The designs for the self-build switching station were completed and provided by Eskom, while the complete bulk substation designs were completed by Zest WEG Group in accordance with Eskom specifications. Construction of both substations was executed by Zest WEG Group, the scope of which included the earthworks, terrace and civil construction as well as, the erection of structures and positioning of all equipment. Furthermore, all the protection systems were installed and Zest WEG Group executed the commissioning scope associated with the project.
With integrated solutions division bringing the electrical infrastructure solution together, Gerrard went on to highlight the individual contributions of three other Zest WEG Group companies: WEG Transformers Africa (WTA); Shaw Controls; and ENI Electrical.
“WTA manufactured and supplied 26 transformers in total, with the three 20 MVA bulk substation power transformers being, at that time, the largest transformers ever manufactured by the Group in South Africa. In addition, other transformer sizes ranged from 10 MVA all the way down to 100 kVA units,” Gerrard reveals.
WTA is also involved in the monitoring of the large 20 MVA transformers. This includes regular oil sampling, with samples being analysed at WTA’s comprehensively equipped in-house oil laboratory. The advantage of regular oil sampling facilitates proactive assessment of transformer condition, allowing appropriate remedial action to be taken when necessary, thereby extending the life of these transformers.

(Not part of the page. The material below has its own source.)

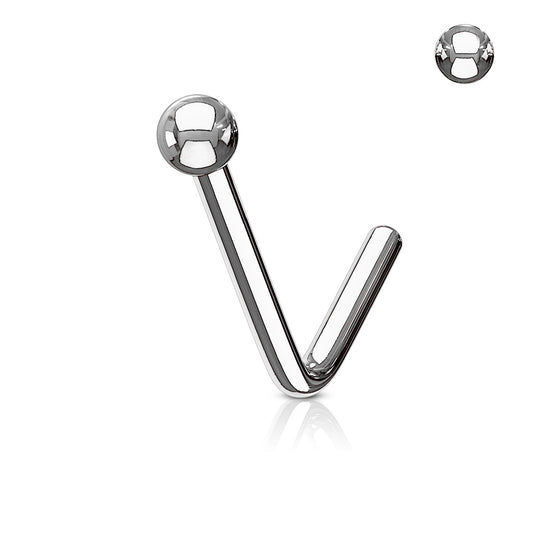 Ball Top Surgical Steel L Bend Nose Stud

Shaw Controls supplied six 525 V, 50 kA motor control centres (MCCs) in accordance to IEC 61439, as well as the two 6.4 MW, 3.3 kV MV mill drive packages, each with its own variable speed drive (VSD), motor and transformer. In addition, two 1.0 MW low voltage VSDs, 170 525 V field isolator stations and two containerised substations for the new 7 Dam Pump Station were supplied.
“Our locally manufactured containerised substations are already well known in the market. For the project, Shaw Controls designed and supplied two containerised MCC solutions, incorporating WEG VSDs. All containerised solutions are manufactured at our facility and in accordance with ISO 9001 standards,” Gerrard adds.

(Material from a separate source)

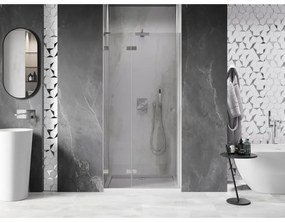 Mexen, Mexen Lunar L Otočné ľavé sprchové dvere 110 cm, transparentné, brúsený nikel - 834L-110-000-97-00-L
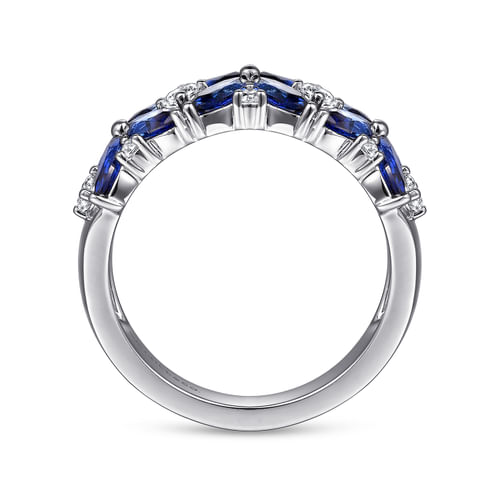 14K White Gold Diamond and Blue Sapphire Floral Wide Band Ring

EnI Electrical, Zest WEG Group’s specialist electrical, instrumentation and control systems construction company, was responsible for executing the project’s installation scope. This included the installation of the dual circuit 88 kV overhead lines from the Eskom switching station to the bulk 88 kV substation on the mine and the construction of a 6.6 kV overhead line from the bulk substation to the new 7 Dam Pump Station. “In addition to the overhead line construction scope, EnI Electrical was responsible for the installation of all equipment, cabling, cable racking and cable terminations at various locations on surface as well as underground,” Gerrard says, adding that the company also provided commissioning services.
“The mill expansion was the greater portion of ENI Electrical’s scope as it took the lead role in installing and commissioning the electrical equipment for the new AG plant,” he notes.

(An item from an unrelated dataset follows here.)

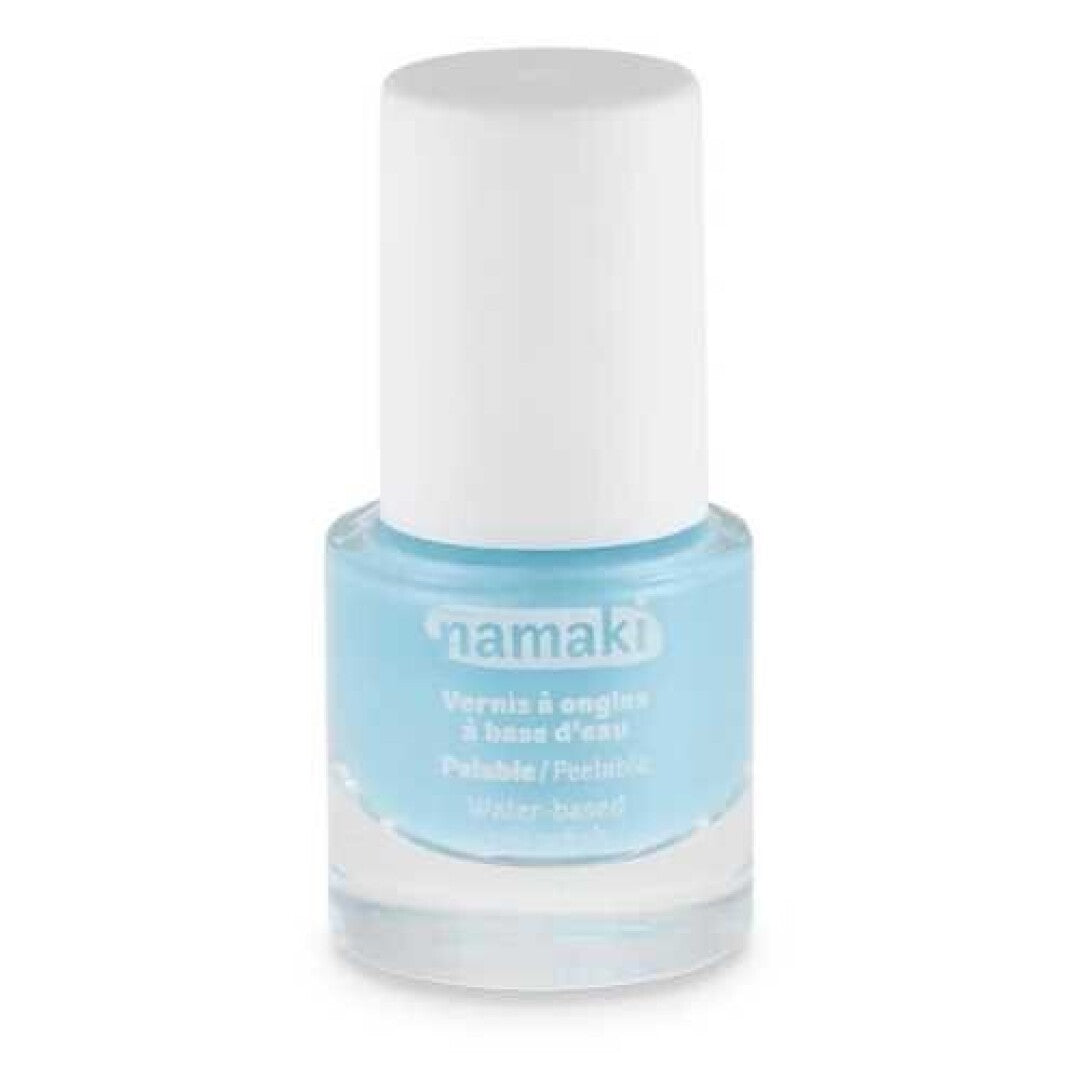 Esmalte de uñas al agua Namaki color azul Frozen, frasco de cristal con tapón blanco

“The Petra Cullinan Project was a very prestigious project for the Zest WEG Group and for Cullinan itself. Our integrated solutions approach, along with close collaboration and continuous interaction between all parties was key to the success of the project, which we believe proves our ability to deliver multiple integrated services in a highly effective way.
“We have a diverse product and solutions portfolio, which we believe places our Group in a strategically advantageous position to respond to the unique needs of our customers and, by working closely together with all parties involved, we look forward to many such successes in the future,” Gerrard concludes.